_Data shown_.
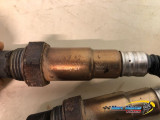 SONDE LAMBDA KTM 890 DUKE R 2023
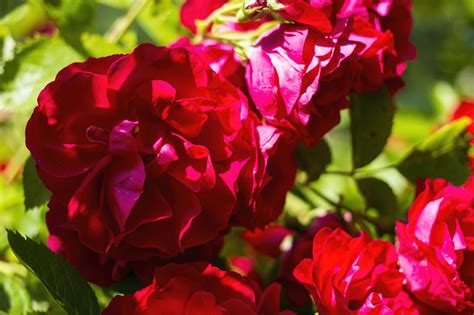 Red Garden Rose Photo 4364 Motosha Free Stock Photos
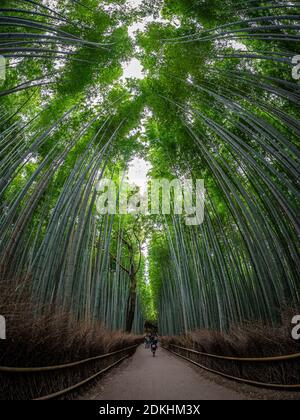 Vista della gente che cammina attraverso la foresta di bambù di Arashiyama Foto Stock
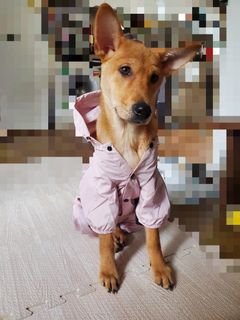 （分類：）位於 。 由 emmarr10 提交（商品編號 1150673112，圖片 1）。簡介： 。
--
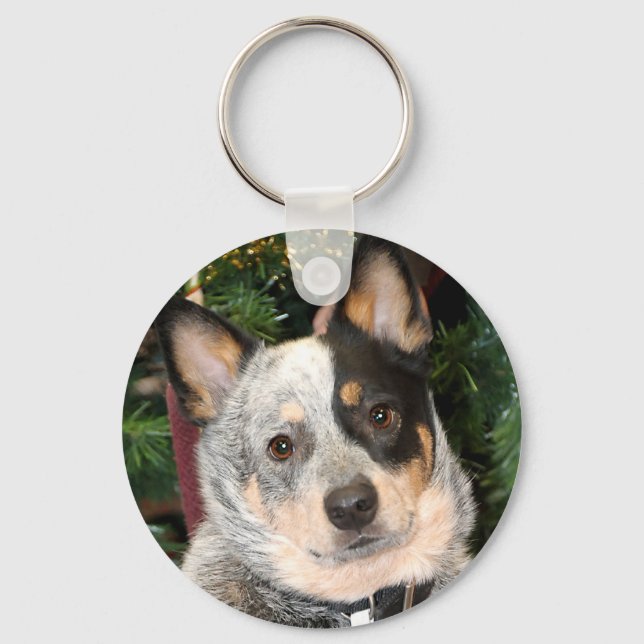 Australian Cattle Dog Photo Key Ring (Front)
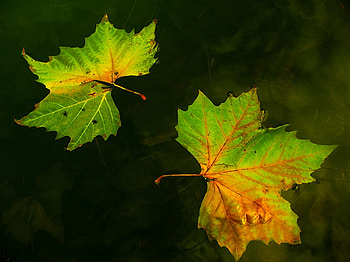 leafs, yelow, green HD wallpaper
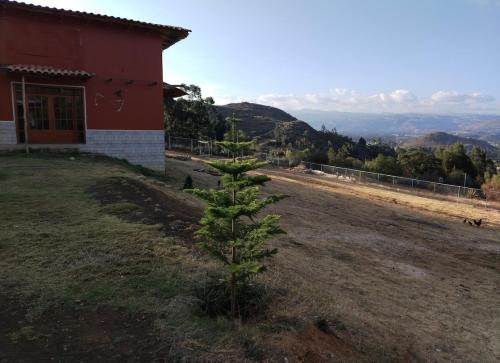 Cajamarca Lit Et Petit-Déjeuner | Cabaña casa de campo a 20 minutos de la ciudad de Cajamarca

_Work to be completed_.
Exact copy, pictures excluded: every line above from the one containing "SONDE LAMBDA KTM 890 DUKE R 2023" to the one containing "1150673112，圖片 1）。簡介： 。", inclusive, and nothing more.

_Result of the exercise_.
 SONDE LAMBDA KTM 890 DUKE R 2023
 Red Garden Rose Photo 4364 Motosha Free Stock Photos
 Vista della gente che cammina attraverso la foresta di bambù di Arashiyama Foto Stock
 （分類：）位於 。 由 emmarr10 提交（商品編號 1150673112，圖片 1）。簡介： 。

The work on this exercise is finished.